Goodness, Kindness and Gentleness

Jul 15, 2019


These three qualities: goodness, kindness and gentleness express love, patience, peace, joy, faithfulness and self-control, the other qualities of the fruit of the Spirit to a T.[1] But are we Christians known by our goodness, kindness and gentleness? What do those qualities have to do with spreading His word, with serving His people? And yet, aren’t they the very essence of love? Think of it: if everyone spoke to me with goodness, kindness and gentleness, wouldn’t I feel affirmed and valued? Wouldn’t I feel like I belonged? These are the primary qualities of love. Just look at the Parable of the Prodigal Son.[2] The father greets the errant son with love and welcome; he is just so happy to have him back that he throws a party, restores him to his place in the family. There is not one word of judgment about what he had done, not one word of warning or of punishment or of loss of status. Is this like the world at all? No! That is goodness, kindness and gentleness!


As we see the prodigal son, he had come back to his father after acknowledging that his choices and profligate spending had landed him in servanthood, feeding pigs of all things when he could be at least a servant to his father instead of this stranger. So he headed back to his family home. And he expected to be reprimanded at least, maybe punished, definitely reduced to servanthood there. But none of that happens. He is loved and welcomed and feted and back in his true place in the family. Goodness, kindness and gentleness are the hallmarks of this father. Not one word is spoken about the error of his ways!


Goodness, kindness and gentleness–they are to be the qualities that we grow into as we become followers of Jesus. They are the essence of love. And love is what we are to give out to the world. For love is the great converter of behavior. Love expresses true worth and a place for each of us and a sense of belonging.


These graces are bestowed on us as we are healed of our defensiveness, our anger and fear—the gross and self-protective emotions which are destructive to any human relationship. As we grow in our capacity to put God first in all things, we are graced with these three qualities. As we grow in trusting the Lord in all things, we no longer need to protect ourselves; we stand in the truth of who we are and Whom we serve.

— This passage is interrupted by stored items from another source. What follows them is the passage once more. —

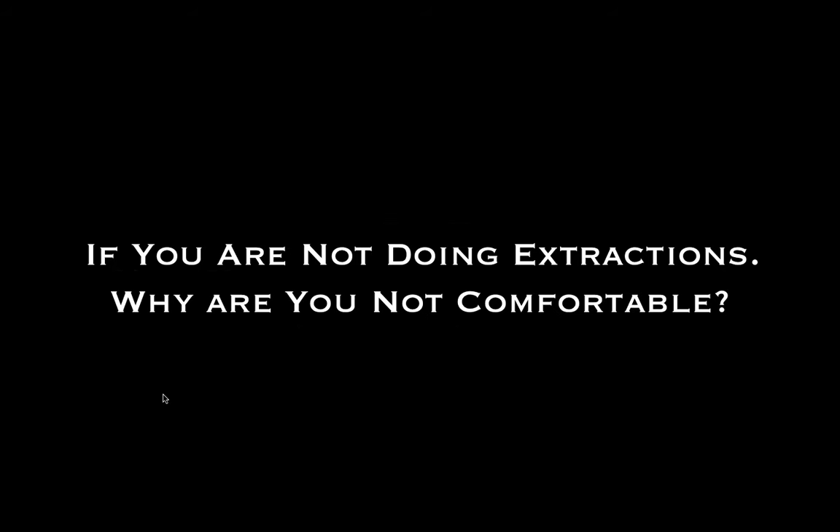Why aren't you comfortable with extractions? Most of us will say because we have bad results, we damage a lot of bone, we harm the patient. So we're talking about atraumatic extractions. What does atraumatic mean? First, atraumatic to the patient — we want our patients to have a good experience, tell their friends this dentist is good, remove teeth without a lot of force and tugging. Second, atraumatic to the bone. Bone to me is gold. As an implant dentist who places over 1,100 implants a year in the Detroit area, maintaining the quality and quantity of bone is very important, especially the facial plate of bone.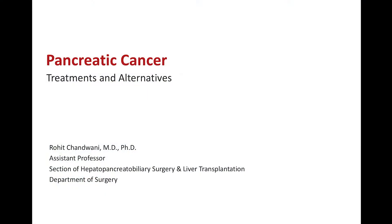Hello, I'm Dr. Rohit Chandwani, and I'm a surgeon specializing in the treatment of patients with pancreatic cancer. Today I'll be talking about treatments and alternatives for patients who are newly diagnosed with pancreatic cancer.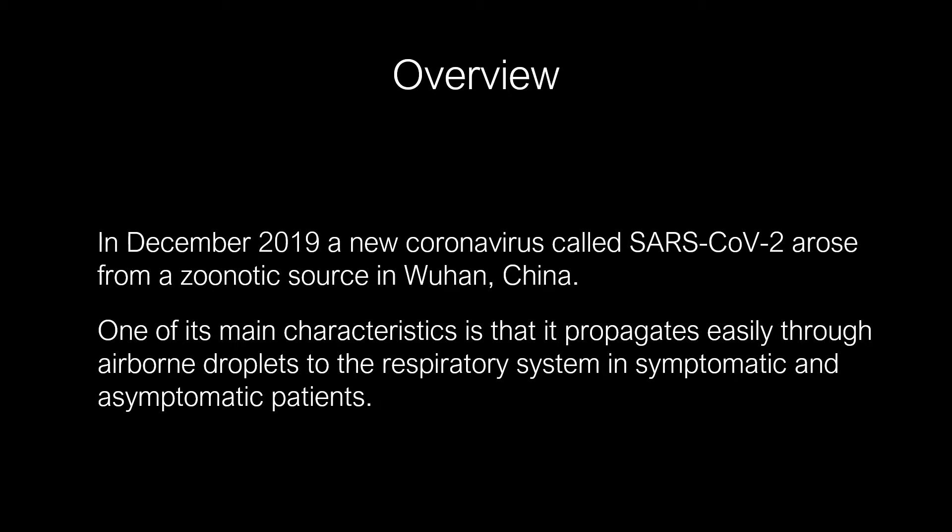Overview. In December 2019, a new coronavirus called SARS-CoV-2 arose from a zoonotic source in Wuhan, China. One of its main characteristics is that it propagates easily through airborne droplets to the respiratory system in both symptomatic and asymptomatic patients.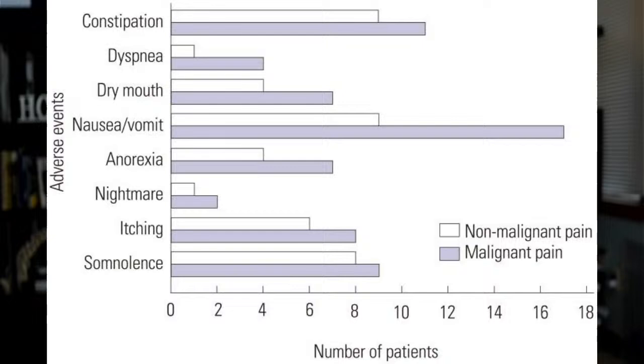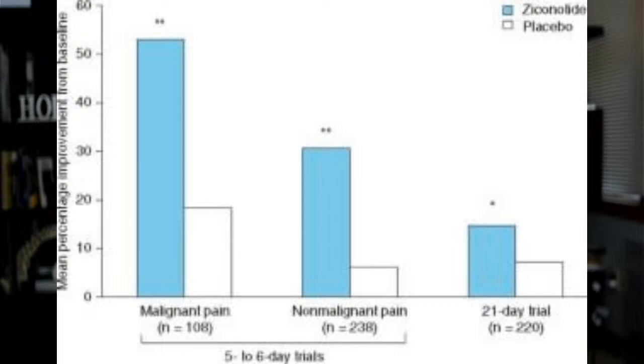Side effect frequency is somewhat higher in cancer patients, who may experience more nausea and constipation as shown in the purple bars. For non-malignant pain, shown in the white bars, there is some constipation and sleepiness, but nowhere near the level seen with opioids. Looking at efficacy data compared to placebo, ziconotide — shown in light blue — demonstrates a major difference in pain improvement. Where a placebo effect might reduce pain by about two points on a ten-point scale, ziconotide can bring pain from a ten down to a four or five, and this is statistically significant across both cancer pain and non-malignant pain.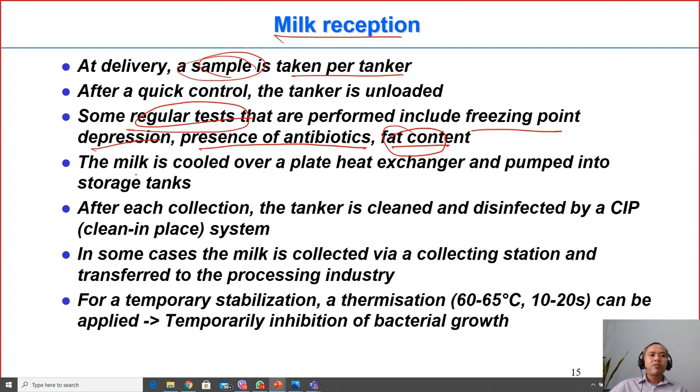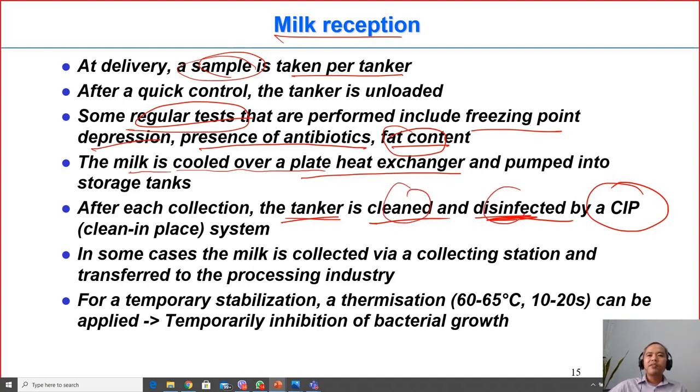When milk is pumped into the factory, it passes over a plate heat exchanger to cool it down. After delivery, the tanker — the cooling truck — must be cleaned and disinfected using a CIP (cleaning-in-place) system installed inside the truck. Cleaning makes it physically clean, while disinfection kills bacteria to make it sterile.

As these defensive mechanisms disappear, we find ourselves in a new relationship to others. As we grow into goodness, kindness and gentleness, we feel more drawn into the other person, ready to really get to know them, to affirm who they are and what they have been through. We see them as they really are, not with the mantle of prejudice and judgment that we wore before. We acknowledge that they, too, are made in the image of God. That we value who they are and whatever they contribute. We welcome them into the body of Christ, the community of those whom God loves and who love God in turn.


The personal and limited lens that I have written of recently is the big thing that stands between us and being good and kind and gentle. Once that cloudy lens begins to be dismantled, we can see more and more clearly what is true and real and eternal in everything and in everyone. Then we are living in the truth about ourselves, about everyone and, as Jesus promises, “the truth will set you free.”[3] Free to live as we were created to live. Free to be the person God created us to be. Free of so much garbage and especially of that personal lens. And we walk side by side with Christ through our lives with only His yoke and His burdens: “Come to me all you who are weary and burdened, and I will give you rest. Take my yoke upon you and learn from me, for I am gentle and humble in heart, and you will find rest for your souls. For my yoke is easy and my burden is light.”[4]


Goodness, kindness and gentleness are the essence of what we are to attain in loving God. As we are healed and transformed on our journey with the Living Christ, we gradually are able to manifest these very qualities, the very opposite of what we experience in the world. And then every person we meet will experience that lightest of words and touch which expresses all the love it can. The other person is not experiencing us, but the Holy Spirit working through us—pure and holy love!


Questions to ponder over the week: Do I treat everyone with goodness, kindness and gentleness?  Or with anger, fear and anxiety? Am I self-protecting or self-giving? Am I expressing God’s love in this world or my own personal point of view? How could I come to express God’s love? His forgiveness to everyone I meet? What stands in the way of my allowing His love to flow through me? [Just ponder the ones that seem to call you.]


Blessing for the week: May we be the people of God who express God’s love, His goodness, kindness and gentleness in this world. May we see each and every person as a child of God, each made in His image.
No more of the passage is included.